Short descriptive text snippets
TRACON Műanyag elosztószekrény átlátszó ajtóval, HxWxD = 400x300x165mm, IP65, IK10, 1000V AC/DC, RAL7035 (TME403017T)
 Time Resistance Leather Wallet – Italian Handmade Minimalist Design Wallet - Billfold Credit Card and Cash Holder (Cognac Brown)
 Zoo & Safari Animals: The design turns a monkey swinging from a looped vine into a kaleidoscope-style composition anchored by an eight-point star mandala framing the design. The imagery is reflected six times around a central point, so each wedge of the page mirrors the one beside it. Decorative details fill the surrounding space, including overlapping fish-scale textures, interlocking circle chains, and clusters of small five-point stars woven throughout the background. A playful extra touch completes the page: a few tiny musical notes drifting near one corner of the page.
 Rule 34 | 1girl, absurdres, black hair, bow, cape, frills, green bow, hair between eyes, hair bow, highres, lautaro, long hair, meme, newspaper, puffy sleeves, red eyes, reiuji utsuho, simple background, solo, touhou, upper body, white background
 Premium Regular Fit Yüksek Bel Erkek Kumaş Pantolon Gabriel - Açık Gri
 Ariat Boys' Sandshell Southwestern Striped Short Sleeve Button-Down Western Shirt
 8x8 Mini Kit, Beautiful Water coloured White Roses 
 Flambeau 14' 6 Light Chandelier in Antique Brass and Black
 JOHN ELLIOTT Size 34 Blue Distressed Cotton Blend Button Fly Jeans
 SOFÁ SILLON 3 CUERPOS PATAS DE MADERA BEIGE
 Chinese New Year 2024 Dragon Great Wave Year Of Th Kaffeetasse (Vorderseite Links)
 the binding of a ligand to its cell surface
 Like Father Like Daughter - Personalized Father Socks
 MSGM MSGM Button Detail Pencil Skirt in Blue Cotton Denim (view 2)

• [Work to complete]:
Could you reproduce every record exactly as shown above?

• [Solution for this exercise]:
TRACON Műanyag elosztószekrény átlátszó ajtóval, HxWxD = 400x300x165mm, IP65, IK10, 1000V AC/DC, RAL7035 (TME403017T)
 Time Resistance Leather Wallet – Italian Handmade Minimalist Design Wallet - Billfold Credit Card and Cash Holder (Cognac Brown)
 Zoo & Safari Animals: The design turns a monkey swinging from a looped vine into a kaleidoscope-style composition anchored by an eight-point star mandala framing the design. The imagery is reflected six times around a central point, so each wedge of the page mirrors the one beside it. Decorative details fill the surrounding space, including overlapping fish-scale textures, interlocking circle chains, and clusters of small five-point stars woven throughout the background. A playful extra touch completes the page: a few tiny musical notes drifting near one corner of the page.
 Rule 34 | 1girl, absurdres, black hair, bow, cape, frills, green bow, hair between eyes, hair bow, highres, lautaro, long hair, meme, newspaper, puffy sleeves, red eyes, reiuji utsuho, simple background, solo, touhou, upper body, white background
 Premium Regular Fit Yüksek Bel Erkek Kumaş Pantolon Gabriel - Açık Gri
 Ariat Boys' Sandshell Southwestern Striped Short Sleeve Button-Down Western Shirt
 8x8 Mini Kit, Beautiful Water coloured White Roses 
 Flambeau 14' 6 Light Chandelier in Antique Brass and Black
 JOHN ELLIOTT Size 34 Blue Distressed Cotton Blend Button Fly Jeans
 SOFÁ SILLON 3 CUERPOS PATAS DE MADERA BEIGE
 Chinese New Year 2024 Dragon Great Wave Year Of Th Kaffeetasse (Vorderseite Links)
 the binding of a ligand to its cell surface
 Like Father Like Daughter - Personalized Father Socks
 MSGM MSGM Button Detail Pencil Skirt in Blue Cotton Denim (view 2)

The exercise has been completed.